*** RECORDS FOR THIS EXERCISE ***
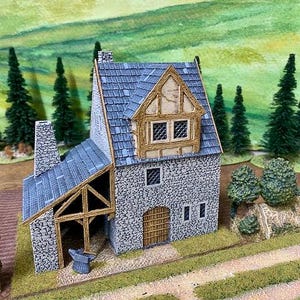 中世の鍛冶場 - 歴史的ウォーゲームやジオラマ用に3Dプリントされています。
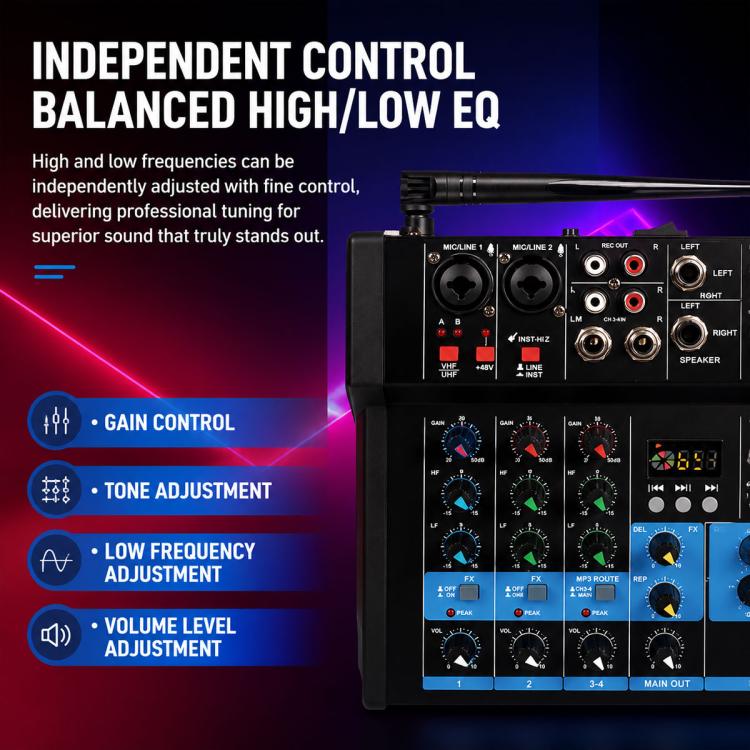 Mixer Bluetooth professionale multifunzione a 4 canali G4A, EU Plug, UK Plug, US Plug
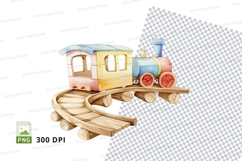 Colorful wooden toy train on track clipart illustration Product Image 1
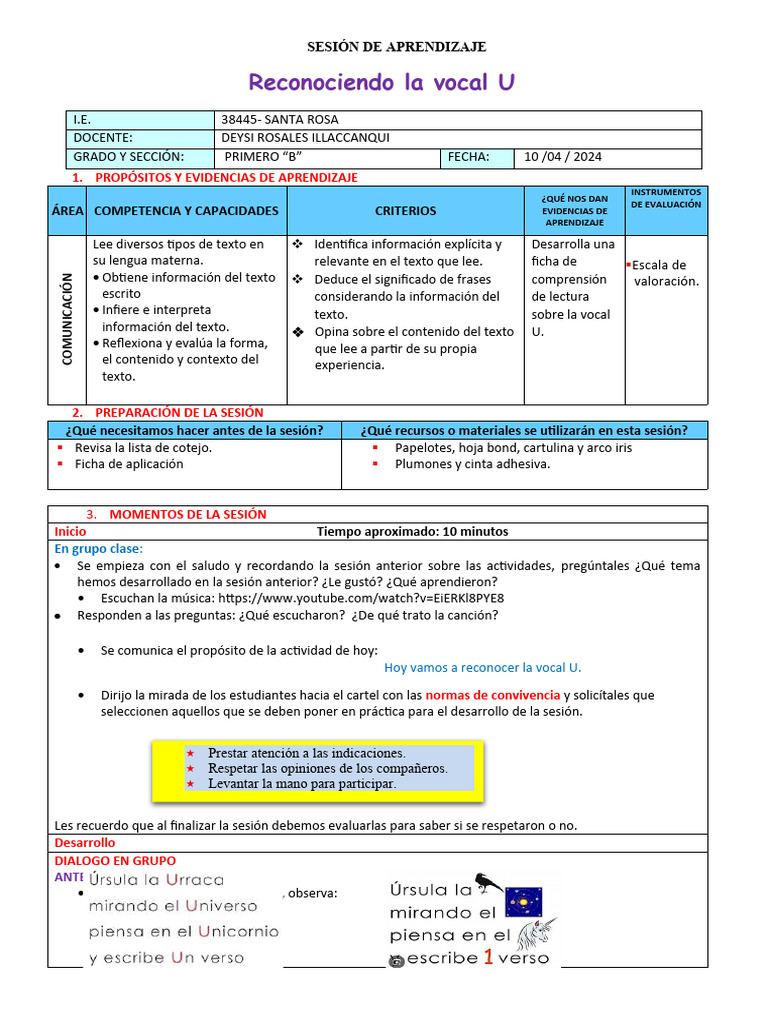 Evaluación de Comprensión de la Vocal U | PDF | Aprendizaje | Ortografía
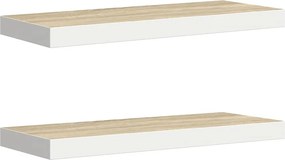 vidaXL 2 db tölgyszínű és fehér MDF lebegő fali polc 60x23,5x3,8 cm
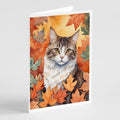 La Perm Cat in Fall Leaves Greeting Cards Pack of 8 Blank Cards with Envelopes Whimsical A7 Size 5x7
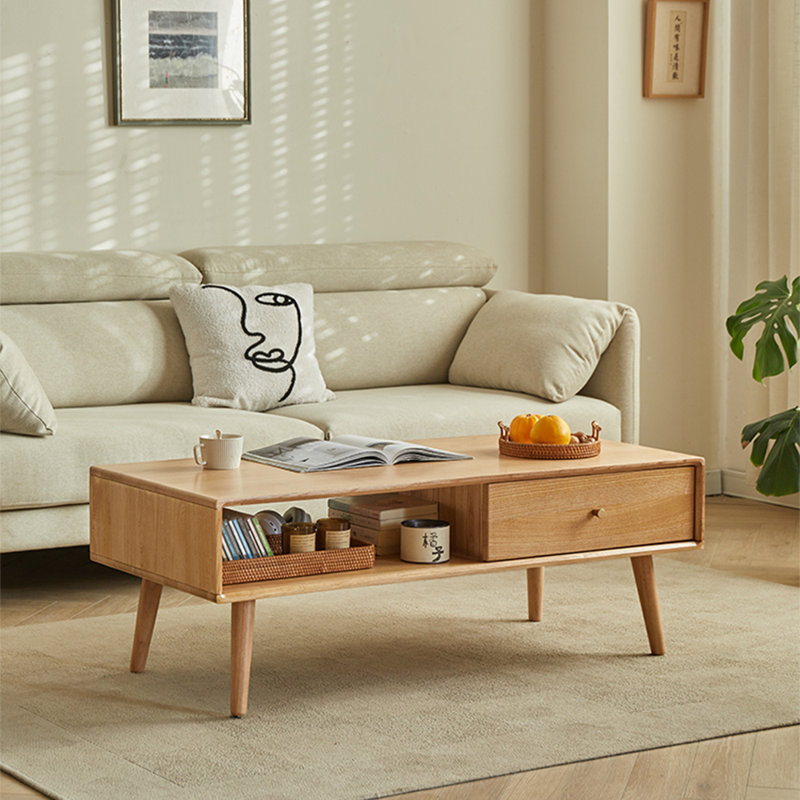 Table basse élégante avec rangement double face, Burlywood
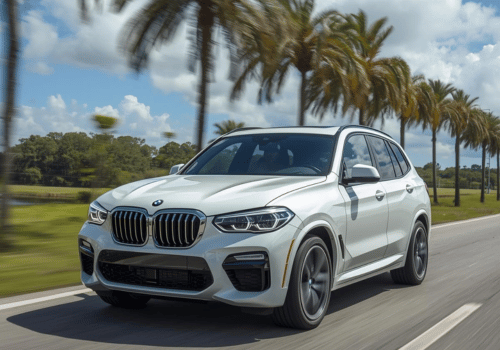 White BMW SUV driving along a palm-lined road on a sunny day.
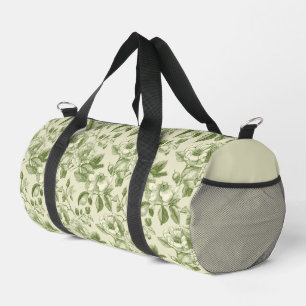 Green Vintage Botanical Toile Pattern Duffle Bag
*** End of RECORDS FOR THIS EXERCISE ***
(THE TASK) An exact copy of every record above is needed, with all pictures left out.

(SOLUTION TO THIS EXERCISE)
 中世の鍛冶場 - 歴史的ウォーゲームやジオラマ用に3Dプリントされています。
 Mixer Bluetooth professionale multifunzione a 4 canali G4A, EU Plug, UK Plug, US Plug
 Colorful wooden toy train on track clipart illustration Product Image 1
 Evaluación de Comprensión de la Vocal U | PDF | Aprendizaje | Ortografía
 vidaXL 2 db tölgyszínű és fehér MDF lebegő fali polc 60x23,5x3,8 cm
 La Perm Cat in Fall Leaves Greeting Cards Pack of 8 Blank Cards with Envelopes Whimsical A7 Size 5x7
 Table basse élégante avec rangement double face, Burlywood
 White BMW SUV driving along a palm-lined road on a sunny day.
 Green Vintage Botanical Toile Pattern Duffle Bag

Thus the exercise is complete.